» **Entries taken from a collection**
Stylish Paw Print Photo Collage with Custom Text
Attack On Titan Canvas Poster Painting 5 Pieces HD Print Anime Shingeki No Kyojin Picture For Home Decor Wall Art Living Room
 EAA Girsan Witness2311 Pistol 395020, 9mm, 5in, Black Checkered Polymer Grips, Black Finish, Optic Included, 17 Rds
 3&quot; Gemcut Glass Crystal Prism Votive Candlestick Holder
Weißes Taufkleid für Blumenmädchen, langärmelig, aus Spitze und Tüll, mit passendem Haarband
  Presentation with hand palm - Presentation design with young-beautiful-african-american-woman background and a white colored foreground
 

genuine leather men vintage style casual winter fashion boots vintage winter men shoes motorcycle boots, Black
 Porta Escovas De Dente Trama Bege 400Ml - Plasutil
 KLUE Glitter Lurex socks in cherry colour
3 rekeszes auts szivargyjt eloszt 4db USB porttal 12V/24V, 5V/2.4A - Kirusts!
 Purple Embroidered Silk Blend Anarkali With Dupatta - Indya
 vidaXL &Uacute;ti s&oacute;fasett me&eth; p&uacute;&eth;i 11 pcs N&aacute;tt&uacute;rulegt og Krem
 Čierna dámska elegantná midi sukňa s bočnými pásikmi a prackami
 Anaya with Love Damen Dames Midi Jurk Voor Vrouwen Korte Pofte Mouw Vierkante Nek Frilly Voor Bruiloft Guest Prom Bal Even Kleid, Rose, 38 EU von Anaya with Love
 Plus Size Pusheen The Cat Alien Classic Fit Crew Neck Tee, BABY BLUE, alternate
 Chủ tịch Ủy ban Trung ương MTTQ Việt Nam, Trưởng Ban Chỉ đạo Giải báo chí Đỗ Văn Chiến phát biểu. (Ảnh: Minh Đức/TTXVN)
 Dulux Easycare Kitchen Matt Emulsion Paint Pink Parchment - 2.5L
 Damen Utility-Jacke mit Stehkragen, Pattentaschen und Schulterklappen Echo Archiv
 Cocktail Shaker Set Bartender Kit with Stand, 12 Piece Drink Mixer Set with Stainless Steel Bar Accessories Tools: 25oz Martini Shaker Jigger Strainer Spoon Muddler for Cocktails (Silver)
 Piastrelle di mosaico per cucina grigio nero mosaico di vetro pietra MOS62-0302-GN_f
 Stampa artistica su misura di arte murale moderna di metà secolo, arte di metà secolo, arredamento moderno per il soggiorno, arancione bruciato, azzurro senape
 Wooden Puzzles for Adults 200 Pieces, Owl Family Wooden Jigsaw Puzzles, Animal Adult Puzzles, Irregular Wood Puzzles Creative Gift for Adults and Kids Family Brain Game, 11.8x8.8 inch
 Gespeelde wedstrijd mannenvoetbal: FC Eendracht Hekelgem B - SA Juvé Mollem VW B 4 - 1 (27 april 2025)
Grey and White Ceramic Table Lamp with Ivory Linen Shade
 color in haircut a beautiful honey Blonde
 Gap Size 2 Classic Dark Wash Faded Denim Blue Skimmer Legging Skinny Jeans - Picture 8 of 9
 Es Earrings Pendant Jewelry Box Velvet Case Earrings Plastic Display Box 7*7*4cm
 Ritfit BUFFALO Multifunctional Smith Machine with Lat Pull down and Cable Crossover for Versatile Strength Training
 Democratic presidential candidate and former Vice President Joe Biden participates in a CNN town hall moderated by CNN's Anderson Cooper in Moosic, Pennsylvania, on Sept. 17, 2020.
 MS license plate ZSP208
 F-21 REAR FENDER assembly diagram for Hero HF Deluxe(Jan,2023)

» **Work to complete**
Reproduce exactly the lines above from the line with "Stampa artistica su" to the line with "Wooden Puzzles for", including both, and add nothing.

» **Solved exercise**
 Stampa artistica su misura di arte murale moderna di metà secolo, arte di metà secolo, arredamento moderno per il soggiorno, arancione bruciato, azzurro senape
 Wooden Puzzles for Adults 200 Pieces, Owl Family Wooden Jigsaw Puzzles, Animal Adult Puzzles, Irregular Wood Puzzles Creative Gift for Adults and Kids Family Brain Game, 11.8x8.8 inch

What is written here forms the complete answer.